Leoninus van Padua

Uit Wikipedia, de vrije encyclopedie
Links: Leoninus en rechts Marianus de Griek, bisschoppen van Padua

Leoninus van Padua (Italia (Romeinse Rijk), 3e eeuw) was volgens de traditie de tiende bisschop van Padua.[1] Padua was deel van het Romeinse Rijk met naam in het Latijn Patavium. Hij is een heilige voor de Rooms-Katholieke Kerk en Orthodoxe Kerk van Italië.[2]

Levensloop[bewerken | brontekst bewerken]

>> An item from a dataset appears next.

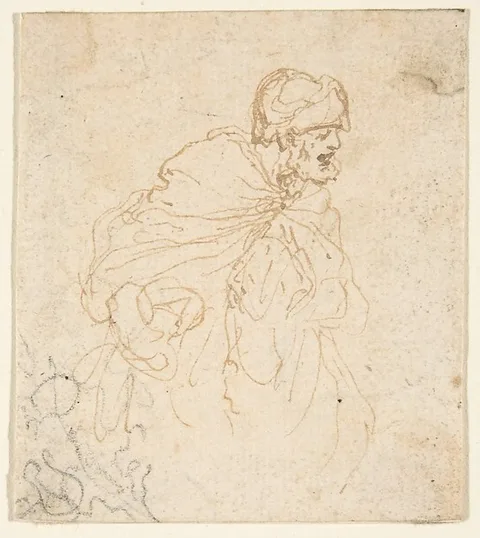 Stefano della Bella, A Bearded Man in a Cloak and Turban Facing Right.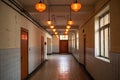 Interior corridor with orange light bulbs Royalty Free Stock Photo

De bronnen over het leven van de heilige bisschop Leoninus dateren van de middeleeuwen. De eerste vermelding was in de Karolingische tijd toen Leoninus een eigen kerk in Padua kreeg.[3] Zijn episcopaat werd gesitueerd, midden de 3e eeuw, tussen deze van Suaderus, ook Suacrus genoemd, en Marianus de Griek. Over Leoninus schreven de middeleeuwse kroniekschrijvers dat hij een arme inwoner uit Padua was, doch rijk aan deugden; in het Latijn: Patavus pauper sed virtutibus radians.[4]

Hij werd gedood door troepen van Maximianus, keizer van Rome.[5] Dat keizer Maximianus later leefde dan de situering van het episcopaat is een tegenspraak tussen bronnen van kroniekschrijvers. Leoninus werd begraven in de voorloper van de Basilica di Santa Giustina, namelijk in de kerk gefinancierd door Opilione. Opilione was een christelijke hoveling in Ravenna ten tijde van de Ostrogotische koning Theodorik de Grote (5e – 6e eeuw). Rond Leoninus’ graf werden mirakels gerapporteerd.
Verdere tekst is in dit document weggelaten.